Hi, guys! Peter Shankman here—Super-psyched to be a 2016 Runkeeper ambassador for countless reasons, but mostly because I’m living proof that running and exercise is for everyone, even those who live lives that keep them on the road 250,000 miles a year! I post both here and at shankman.com, and I host a podcast on ADHD called Faster Than Normal, where we talk about the benefits of having brains that move at supersonic speeds. Looking forward to connecting with all of you!
Flying 250,000 miles a year for work, you’d think I’d get tired a lot. You’d also think I’d get homesick. I actually don’t. I miss my daughter, of course, when I’m not with her, but at three years old, time isn’t really a concept to her past “one more Peppa Pig, Daddy” when it’s time to go to bed.
I keep two things with me at all times on the road that keep me healthy and grounded back to my home. A photo of said daughter, and an app. The photo probably makes a lot of sense, but the app? How does that ground me?
Well, we all have routines. Every single one of us. It’s those routines that determine our lives, and what we do with them. The more we can focus on beneficial routines, the better our lives will be. And for me, my beneficial routines involve tracking data. If I can track the data, I can stick with the routine
My routine? Exercise. My app? Runkeeper. Waking up in different hotel rooms, on different continents, heck, in different hemispheres, definitely takes a toll on your body. But I’ve learned how to handle this constant flux better than most, and I’ll share a few of those tips.
I don’t sleep on planes. It doesn’t matter how long the flight. The body is incredibly adaptive, and only really gets messed up when I get too much sleep. So if I’m flying to Tokyo on a 10:00 AM out of New York City, I’ll stay up for the 14 hours it takes to fly there, working or writing on the trip over. I’ll land around 4:00 PM Tokyo time the next day, head to the hotel, drop my stuff in my room,change into workout clothes, and head outside (the public parks in Tokyo are numerous and beautiful) to get a quick 45 minute run in. By the time I get back to my hotel, it’s around 8 PM. I’ll grab a super-light dinner and hit the sack. I’ll wake up around 5:00 AM completely refreshed.
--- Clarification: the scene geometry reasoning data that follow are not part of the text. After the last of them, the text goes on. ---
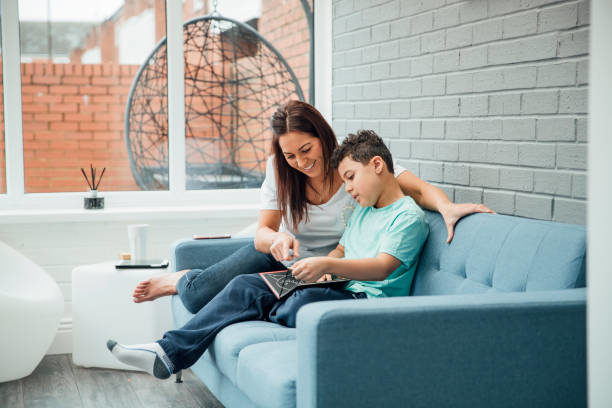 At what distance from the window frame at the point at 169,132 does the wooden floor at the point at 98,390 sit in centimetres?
87

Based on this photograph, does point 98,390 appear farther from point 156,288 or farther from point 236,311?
point 236,311

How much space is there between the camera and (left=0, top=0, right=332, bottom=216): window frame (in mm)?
3516

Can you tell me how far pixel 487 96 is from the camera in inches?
94.1

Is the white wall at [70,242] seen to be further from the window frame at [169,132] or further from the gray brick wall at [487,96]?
the gray brick wall at [487,96]

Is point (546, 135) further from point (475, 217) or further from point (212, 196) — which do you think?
point (212, 196)

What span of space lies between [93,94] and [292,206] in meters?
1.59

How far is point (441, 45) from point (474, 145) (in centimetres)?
43

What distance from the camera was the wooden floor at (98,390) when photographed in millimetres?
2732

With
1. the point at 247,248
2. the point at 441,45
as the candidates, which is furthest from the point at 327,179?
the point at 441,45

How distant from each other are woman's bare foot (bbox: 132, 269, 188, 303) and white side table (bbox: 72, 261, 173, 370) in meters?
0.30

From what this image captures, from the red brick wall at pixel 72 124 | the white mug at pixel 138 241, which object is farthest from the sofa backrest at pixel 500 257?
the red brick wall at pixel 72 124

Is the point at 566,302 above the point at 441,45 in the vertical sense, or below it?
below

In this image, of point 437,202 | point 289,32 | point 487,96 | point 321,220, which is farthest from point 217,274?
point 289,32

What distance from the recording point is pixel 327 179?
2.67m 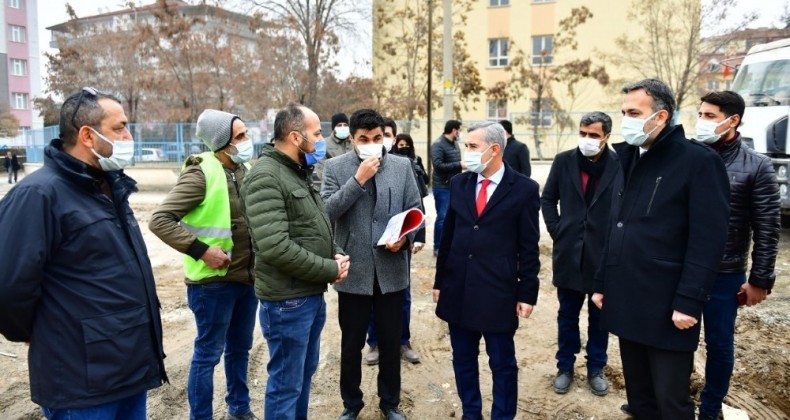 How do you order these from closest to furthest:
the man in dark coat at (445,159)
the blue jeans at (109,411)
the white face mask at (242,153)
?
the blue jeans at (109,411) < the white face mask at (242,153) < the man in dark coat at (445,159)

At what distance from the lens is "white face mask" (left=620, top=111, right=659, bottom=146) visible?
9.24 feet

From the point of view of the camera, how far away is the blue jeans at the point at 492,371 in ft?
11.3

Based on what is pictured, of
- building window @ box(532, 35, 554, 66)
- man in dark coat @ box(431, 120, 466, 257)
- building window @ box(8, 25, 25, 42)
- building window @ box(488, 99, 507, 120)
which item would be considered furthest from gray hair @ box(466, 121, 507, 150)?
building window @ box(8, 25, 25, 42)

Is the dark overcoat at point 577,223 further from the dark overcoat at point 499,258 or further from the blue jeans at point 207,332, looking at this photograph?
→ the blue jeans at point 207,332

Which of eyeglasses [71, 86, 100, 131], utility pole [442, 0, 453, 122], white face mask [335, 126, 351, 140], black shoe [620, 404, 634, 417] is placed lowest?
black shoe [620, 404, 634, 417]

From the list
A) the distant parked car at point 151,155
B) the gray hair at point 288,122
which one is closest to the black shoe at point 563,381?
the gray hair at point 288,122

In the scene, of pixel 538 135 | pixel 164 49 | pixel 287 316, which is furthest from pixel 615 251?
pixel 164 49

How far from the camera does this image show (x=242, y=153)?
3.58 meters

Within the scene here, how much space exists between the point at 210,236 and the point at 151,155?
60.6ft

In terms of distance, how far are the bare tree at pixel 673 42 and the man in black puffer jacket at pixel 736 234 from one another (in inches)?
757

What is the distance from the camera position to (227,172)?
351 cm

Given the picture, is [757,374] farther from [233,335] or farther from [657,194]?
[233,335]

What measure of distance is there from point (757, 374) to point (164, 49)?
71.3 ft

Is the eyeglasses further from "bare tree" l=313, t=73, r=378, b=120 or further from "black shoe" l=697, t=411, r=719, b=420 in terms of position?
"bare tree" l=313, t=73, r=378, b=120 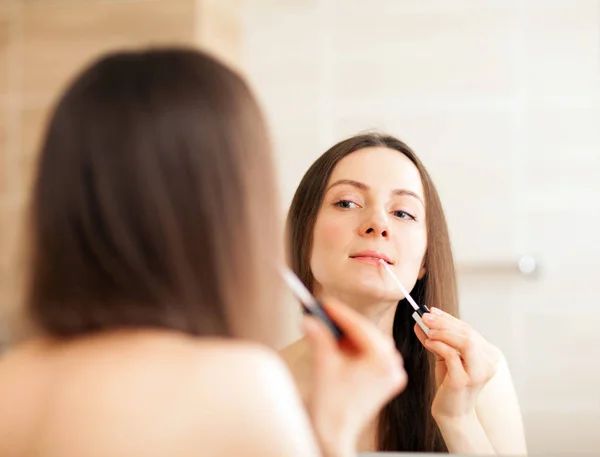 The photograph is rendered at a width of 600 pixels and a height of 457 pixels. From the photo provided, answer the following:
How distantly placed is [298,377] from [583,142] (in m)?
0.45

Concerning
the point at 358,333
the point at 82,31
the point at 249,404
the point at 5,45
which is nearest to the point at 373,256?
the point at 358,333

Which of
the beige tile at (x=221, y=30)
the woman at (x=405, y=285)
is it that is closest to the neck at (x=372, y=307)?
the woman at (x=405, y=285)

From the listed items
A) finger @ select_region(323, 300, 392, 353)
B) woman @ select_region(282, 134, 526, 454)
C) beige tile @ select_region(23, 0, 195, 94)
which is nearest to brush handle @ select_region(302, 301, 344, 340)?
finger @ select_region(323, 300, 392, 353)

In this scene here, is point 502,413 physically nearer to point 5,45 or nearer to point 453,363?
point 453,363

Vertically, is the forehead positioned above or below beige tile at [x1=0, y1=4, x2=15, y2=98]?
below

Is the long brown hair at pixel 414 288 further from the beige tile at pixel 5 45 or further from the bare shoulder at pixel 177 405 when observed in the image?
the beige tile at pixel 5 45

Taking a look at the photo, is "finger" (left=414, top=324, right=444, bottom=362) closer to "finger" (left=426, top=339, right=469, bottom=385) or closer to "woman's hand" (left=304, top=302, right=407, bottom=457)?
"finger" (left=426, top=339, right=469, bottom=385)

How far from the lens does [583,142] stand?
0.95m

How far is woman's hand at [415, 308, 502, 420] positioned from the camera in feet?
2.60

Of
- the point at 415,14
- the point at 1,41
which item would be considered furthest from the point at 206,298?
the point at 1,41

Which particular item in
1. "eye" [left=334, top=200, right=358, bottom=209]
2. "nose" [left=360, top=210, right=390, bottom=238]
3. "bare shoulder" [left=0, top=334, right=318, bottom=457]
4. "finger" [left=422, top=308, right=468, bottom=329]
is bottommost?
"finger" [left=422, top=308, right=468, bottom=329]

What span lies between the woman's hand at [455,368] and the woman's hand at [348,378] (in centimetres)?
22

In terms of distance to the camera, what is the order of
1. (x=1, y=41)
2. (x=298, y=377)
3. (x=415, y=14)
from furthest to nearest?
1. (x=1, y=41)
2. (x=415, y=14)
3. (x=298, y=377)

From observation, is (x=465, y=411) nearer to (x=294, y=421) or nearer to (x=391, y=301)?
(x=391, y=301) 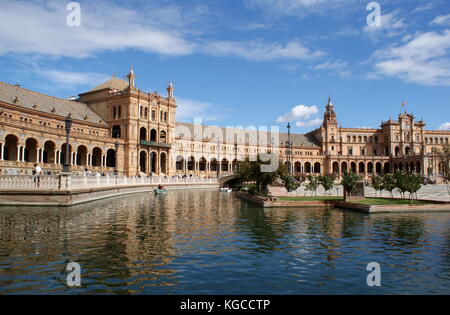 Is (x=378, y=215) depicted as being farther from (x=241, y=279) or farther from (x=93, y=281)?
(x=93, y=281)

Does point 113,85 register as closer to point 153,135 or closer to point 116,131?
point 116,131

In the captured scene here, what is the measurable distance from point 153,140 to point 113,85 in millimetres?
15811

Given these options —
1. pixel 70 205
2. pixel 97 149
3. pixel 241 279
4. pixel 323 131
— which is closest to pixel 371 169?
pixel 323 131

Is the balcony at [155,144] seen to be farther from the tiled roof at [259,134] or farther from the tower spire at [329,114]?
the tower spire at [329,114]

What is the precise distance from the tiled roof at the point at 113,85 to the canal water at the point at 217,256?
211 ft

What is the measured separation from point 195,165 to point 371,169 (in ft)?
207

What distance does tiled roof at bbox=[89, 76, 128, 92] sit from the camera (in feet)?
257

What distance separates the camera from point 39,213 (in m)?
19.9

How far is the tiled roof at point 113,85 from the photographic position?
257 feet

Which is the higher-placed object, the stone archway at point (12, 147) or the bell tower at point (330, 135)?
the bell tower at point (330, 135)

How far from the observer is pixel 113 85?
3110 inches

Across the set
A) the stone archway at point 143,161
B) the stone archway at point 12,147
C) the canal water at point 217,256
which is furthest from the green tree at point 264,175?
the stone archway at point 143,161

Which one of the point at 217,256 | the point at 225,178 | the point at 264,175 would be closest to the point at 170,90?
the point at 225,178

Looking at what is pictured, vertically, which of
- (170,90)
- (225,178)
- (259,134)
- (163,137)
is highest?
(170,90) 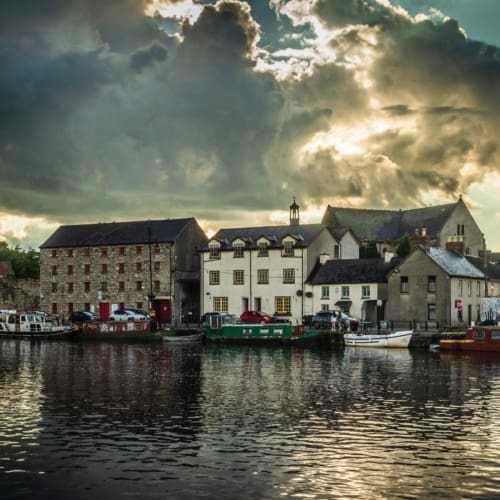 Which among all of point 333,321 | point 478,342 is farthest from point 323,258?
point 478,342

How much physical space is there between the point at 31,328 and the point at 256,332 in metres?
28.5

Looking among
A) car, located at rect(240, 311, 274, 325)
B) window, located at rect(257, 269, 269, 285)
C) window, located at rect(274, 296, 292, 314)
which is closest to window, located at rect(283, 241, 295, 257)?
window, located at rect(257, 269, 269, 285)

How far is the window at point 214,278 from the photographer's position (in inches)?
3556

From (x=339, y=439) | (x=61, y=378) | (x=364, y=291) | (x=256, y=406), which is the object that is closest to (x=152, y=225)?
(x=364, y=291)

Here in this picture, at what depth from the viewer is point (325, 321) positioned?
74125 millimetres

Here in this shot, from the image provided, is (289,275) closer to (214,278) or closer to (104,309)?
(214,278)

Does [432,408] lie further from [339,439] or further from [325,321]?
[325,321]

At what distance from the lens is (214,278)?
90625 millimetres

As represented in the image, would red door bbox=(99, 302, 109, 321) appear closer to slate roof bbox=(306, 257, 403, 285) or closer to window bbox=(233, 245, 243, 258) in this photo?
window bbox=(233, 245, 243, 258)

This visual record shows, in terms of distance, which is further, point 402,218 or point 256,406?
point 402,218

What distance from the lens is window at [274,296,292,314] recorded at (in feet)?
281

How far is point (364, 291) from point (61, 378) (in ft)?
145

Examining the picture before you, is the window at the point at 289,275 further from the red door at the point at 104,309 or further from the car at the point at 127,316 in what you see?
the red door at the point at 104,309

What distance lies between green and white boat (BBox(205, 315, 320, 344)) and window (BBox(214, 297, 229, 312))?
1241 centimetres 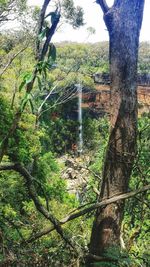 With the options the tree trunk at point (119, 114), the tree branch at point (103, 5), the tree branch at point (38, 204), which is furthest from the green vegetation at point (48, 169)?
the tree branch at point (103, 5)

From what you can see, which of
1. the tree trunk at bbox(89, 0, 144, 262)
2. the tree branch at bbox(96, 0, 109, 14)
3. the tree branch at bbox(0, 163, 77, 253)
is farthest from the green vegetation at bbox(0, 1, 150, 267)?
the tree branch at bbox(96, 0, 109, 14)

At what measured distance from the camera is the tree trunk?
2318mm

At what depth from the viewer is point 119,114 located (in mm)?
2354

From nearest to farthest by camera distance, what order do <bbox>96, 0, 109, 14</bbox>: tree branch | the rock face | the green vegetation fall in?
the green vegetation, <bbox>96, 0, 109, 14</bbox>: tree branch, the rock face

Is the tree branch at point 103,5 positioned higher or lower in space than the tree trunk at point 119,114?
higher

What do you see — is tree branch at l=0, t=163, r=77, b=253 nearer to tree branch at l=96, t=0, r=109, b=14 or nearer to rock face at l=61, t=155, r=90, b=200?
rock face at l=61, t=155, r=90, b=200

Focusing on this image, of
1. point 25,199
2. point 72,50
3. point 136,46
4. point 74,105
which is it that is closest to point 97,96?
point 74,105

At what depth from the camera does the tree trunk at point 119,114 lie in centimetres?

A visit to the gym, and I’m off to a day of speeches, meetings, and handshakes, looking as refreshed as if I’d just come out of a spa.
I don’t know the science behind why this works for me, but I know it does. I also know that being able to document every workout makes me much more likely to actually do the workout, vs. just think about doing it. See, when you don’t document, then doing something is just a possibility. Documenting it makes it a reality. “I have to run, otherwise I won’t keep up my streak,” is motivating. As is, “I’ve only got two days left to hit my mileage goal for the month.” Runkeeper reminds me what I have to do to keep my goals, and encourages me to do just that..
Traveling as much as I do produces quite a slippery slope. It’s easy to blow off one workout, or sleep in a bit, or have a couple of big dinners in a row. And with expense accounts, there’s accountability… It’s easy to get off track.
Unless you have data watching your back. Using Runkeeper (in conjunction with MyFitnessPal and WiThings) guarantees I won’t fall off track. And the proof is real. About a year ago I noticed I was falling into a pretty bad rut. About 40 pounds had creeped up on me, and I was getting really unhappy. From a sub four-hour marathoner to having to buy larger pants? Not acceptable.
I decided to make some serious changes. The most important one was putting my life into the hands of data. If the numbers were in front of me, I couldn’t ignore them. I won’t lie, that first month was horrible. But then, like turning on a light, it got easier. And then, the best part? It became habit.
End result? Well, compare me one year ago with me today
Trust in the data. Believe in the data. But to do both of those, you must first start recording the data. That’s where Runkeeper comes in. If I don’t record it, I have a hole in my tracking. And one hole leads to another hole, which leads to me not working out for two weeks and being miserable.
So I avoid the first hole. I exercise. No matter where I am, no matter what country, what time zone, or what mood I’m in. Every hotel has a 24-hour gym. Every hotel has a parking lot where you can run. Every hotel, at the very least, has stairs.
Start. Do something. And log the data. It’ll change your life.